Anonyma will be a multilingual text anonymization tool designed to identify and mask sensitive information in textual data.
It will leverage transformer-based models to replace personally identifiable information (PII) with anonymized placeholders, ensuring privacy without compromising text usability. The project focuses on custom fine-tuning using LoRA (Low-Rank Adaptation) for efficiency and performance.
- Multilingual Support: Process text in multiple languages.
- Entity Recognition: Detect and anonymize entities such as names, dates, and locations.
- Customizable: Allow users to define which entities to anonymize.

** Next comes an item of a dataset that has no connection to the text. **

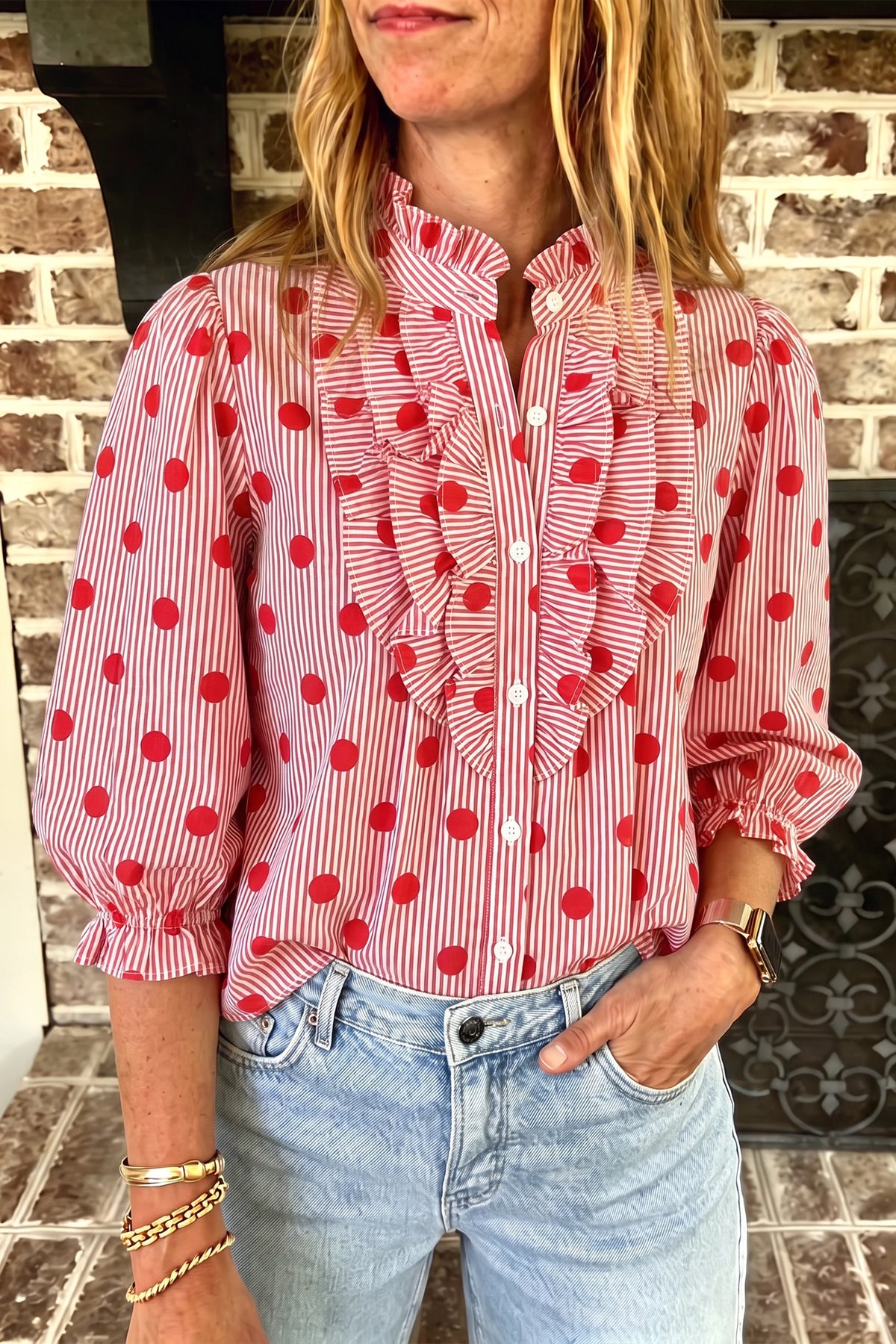 Sweetheart Stripe Blouse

To effectively handle both entity recognition and text transformation, Sequence-to-Sequence (Seq2Seq) transformer models are recommended:
- T5 (Text-to-Text Transfer Transformer)
- Description: A flexible model that can handle various NLP tasks by framing them as text-to-text problems. Suitable for multilingual anonymization with fine-tuning.
- mBART (Multilingual BART)
- Description: A multilingual variant of BART, designed for tasks involving multiple languages. Ideal for anonymizing text across diverse languages.
- Non-Instruction Transformer SLMs (Qwen2.5, Phi-Series)
- Description: Encoder-decoder Small Language Models optimized for NLP tasks without instruction tuning. These models provide consistent task-focused outputs without misinterpreting prompts.
To train and evaluate Anonyma, the following datasets from Hugging Face can be used:
-
PII Masking 200k
- Description: Contains over 200,000 examples for training models to mask PII in English, French, German, and Italian.
- PII Masking 200k Dataset
-
PII Masking 300k
- Description: An expanded version with 300,000 examples across multiple languages.
- PII Masking 300k Dataset